Il est impensable de reproduire le tour de force comique ci-dessous de nos jours. Le niveau culturel moyen des Français est tellement médiocre que pratiquement personne n'en saisirait toute la substantifique moelle. Déjà, appeler un parti politique canular "le Parti d'en Rire" est désormais incompréhensible . Qui connais l'expression "prendre le parti d'en rire" ? Et qui va "kiffer grave" le Bolero de Ravel au point de l'utiliser comme hymne officiel de ce(tte) parti(e) de rigolade ? Vous avez écouté les chansons de campagne des candidats de 2012 ? Et qui serait capable de le chanter, le Bolero ?

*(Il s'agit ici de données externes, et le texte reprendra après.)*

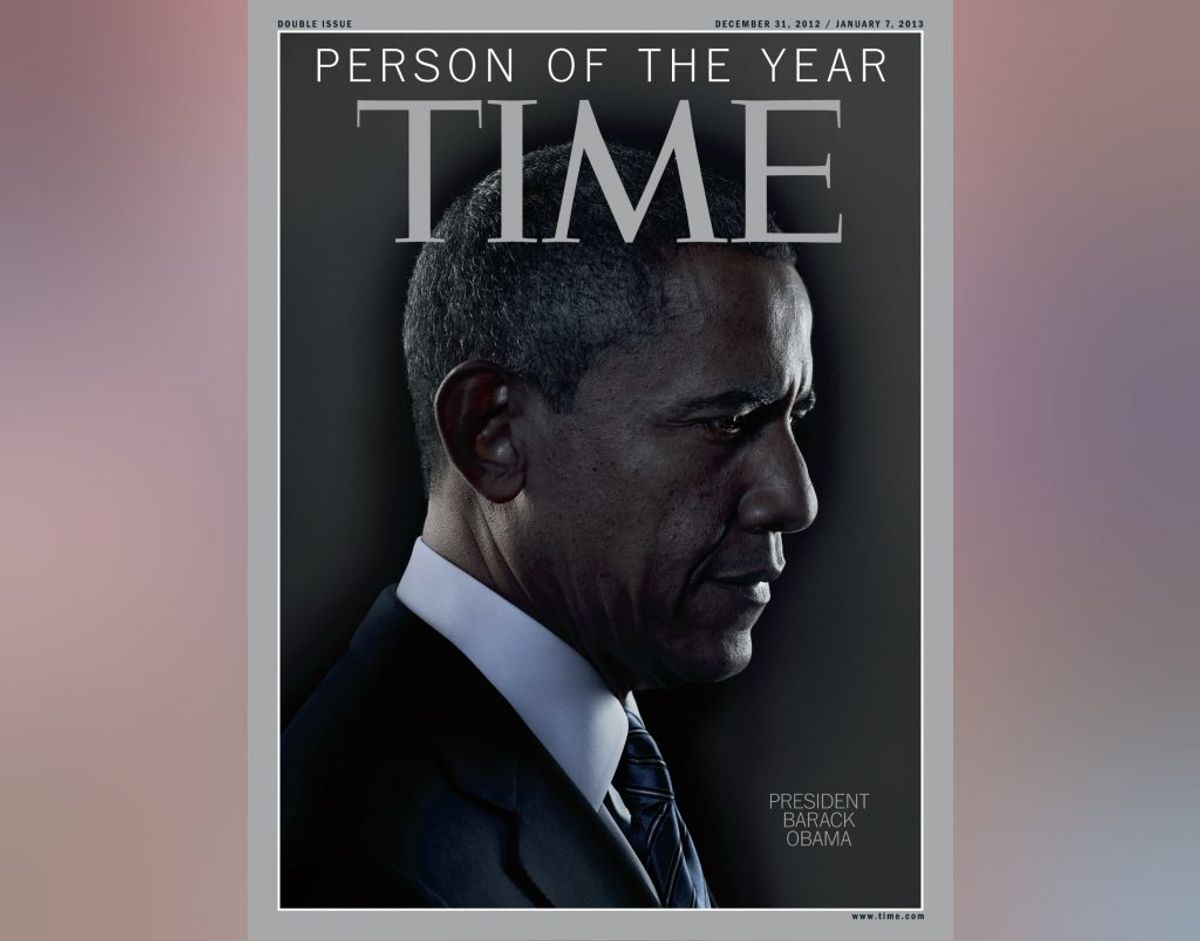 2012: USA’s daværende præsident, Barack Obama. Foto: TIME Magazine/Scanpix. KLIK for mere.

A cette époque lointaine, tout le monde a fait des efforts : les Gaullistes, les Communistes, L'école publique, les écoles privées, la radio, la télé ; et ça payait ! Les comiques étaient intelligents, brillants et leur humour n'en perdait pas pour autant en causticité, tout au contraire. Vous connaissez le sketch de Fernand Raynaud sur les paysans ? Il est ravageur. Et les Branquignoles ? Robert Dhéry et sa bande (de Funes en tête) inventaient alors un non-sens débridé à la française ; prolo et généreux (revoir "Allez France!"). Et Robert Lamoureux ? Coluche lui doit tout et il est moins bon ; vulgaire, grossier et démago.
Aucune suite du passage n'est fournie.